Short descriptive text snippets:
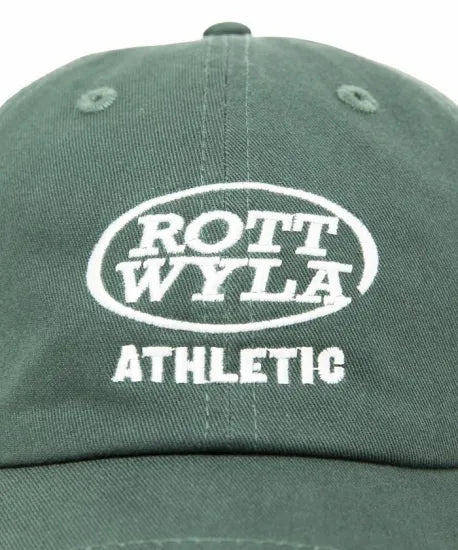 ROTTWEILER　ATHLETIC CAP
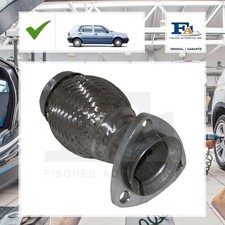 Fa1 Flexrohr, Abgasanlage VW GOLF III (1H1) 1.8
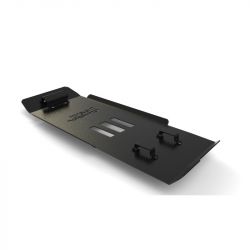 Защита коробки передач и редуктора для Land Rover Discovery II 1998-2004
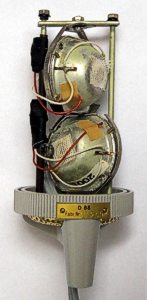 Mkrofon AKG D88 Nr.21209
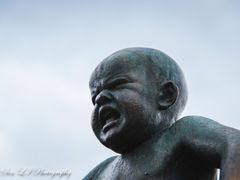 -维格兰雕塑公园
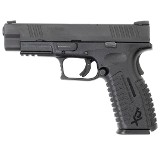 SPRINGFIELD ARMORY XDM-9 9MM LUGER (9X19 PARA) - 1 of 3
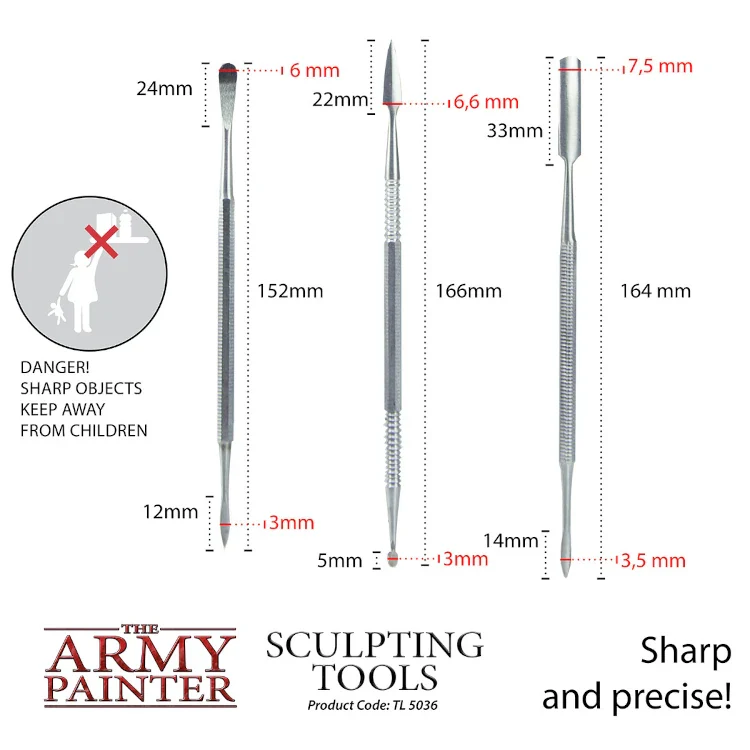 Sculpting Tools - Image 2
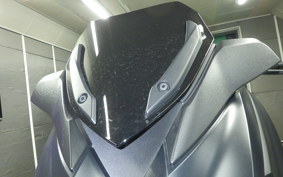 YAMAHA X-MAX 250 2006 SG70J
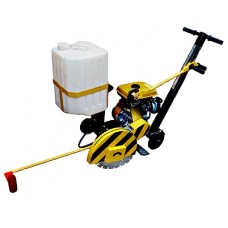 Нарезчик швов СО-320 (с ДВС)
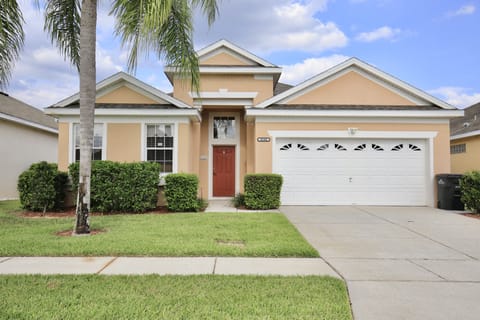 Luxury 4 bed home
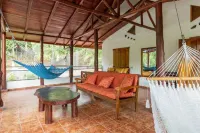 spacious and comfortable Villa with tropical charm and pool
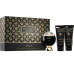 Afnan Souvenir Desert Rose EDP U 100 ml + body lotion 100 ml + shower gel 100 ml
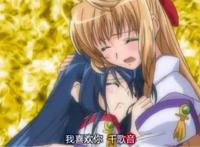 盘点动漫里的前世恋人们：前世相恋，今生也要相爱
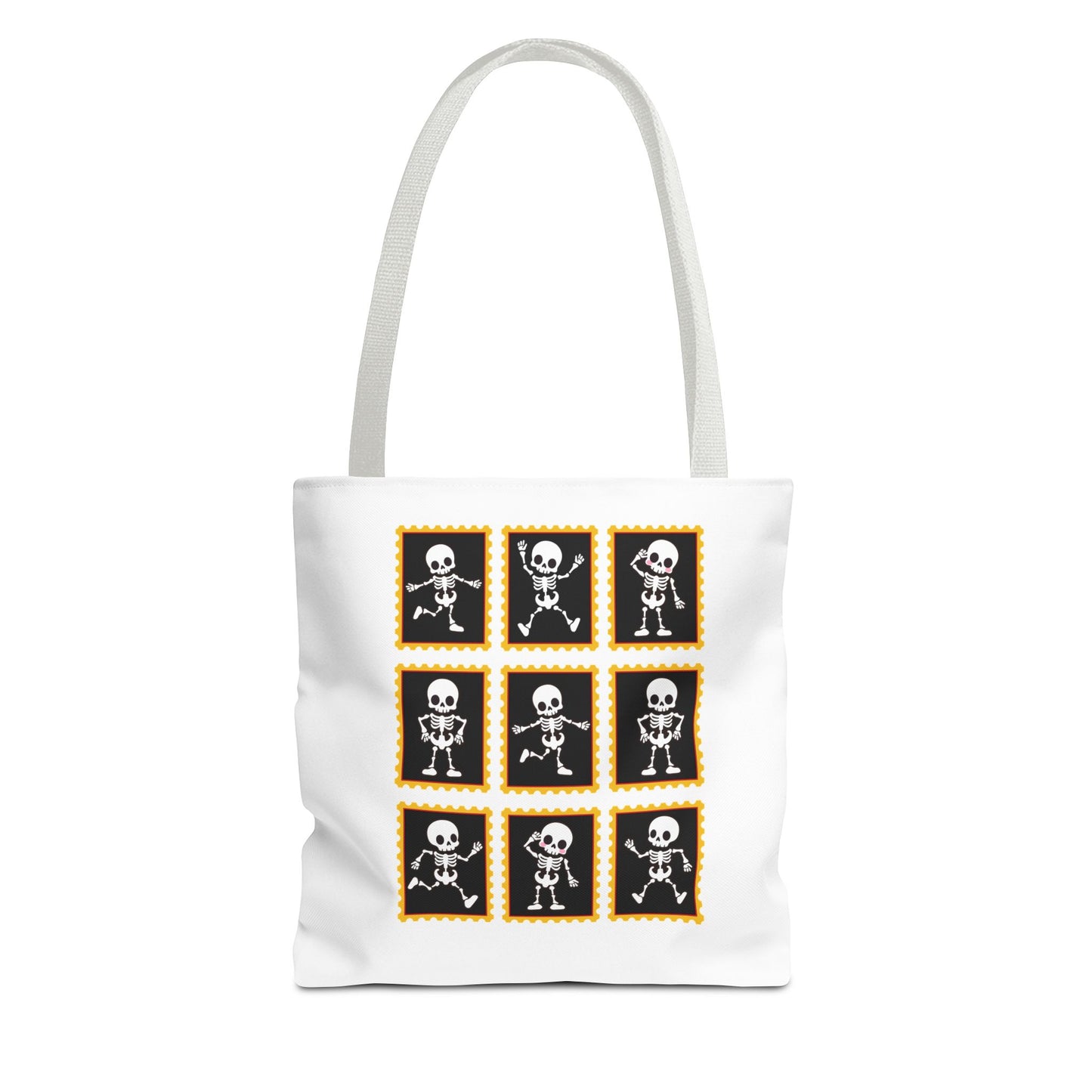Halloween Night Essentials Tote Bag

What to do:
Copy out each record shown above without alteration, skipping any picture.

Result of the exercise:
 ROTTWEILER　ATHLETIC CAP
 Fa1 Flexrohr, Abgasanlage VW GOLF III (1H1) 1.8
 Защита коробки передач и редуктора для Land Rover Discovery II 1998-2004
 Mkrofon AKG D88 Nr.21209
 -维格兰雕塑公园
 SPRINGFIELD ARMORY XDM-9 9MM LUGER (9X19 PARA) - 1 of 3
 Sculpting Tools - Image 2
 YAMAHA X-MAX 250 2006 SG70J
 Нарезчик швов СО-320 (с ДВС)
 Luxury 4 bed home
 spacious and comfortable Villa with tropical charm and pool
 Afnan Souvenir Desert Rose EDP U 100 ml + body lotion 100 ml + shower gel 100 ml
 盘点动漫里的前世恋人们：前世相恋，今生也要相爱
Halloween Night Essentials Tote Bag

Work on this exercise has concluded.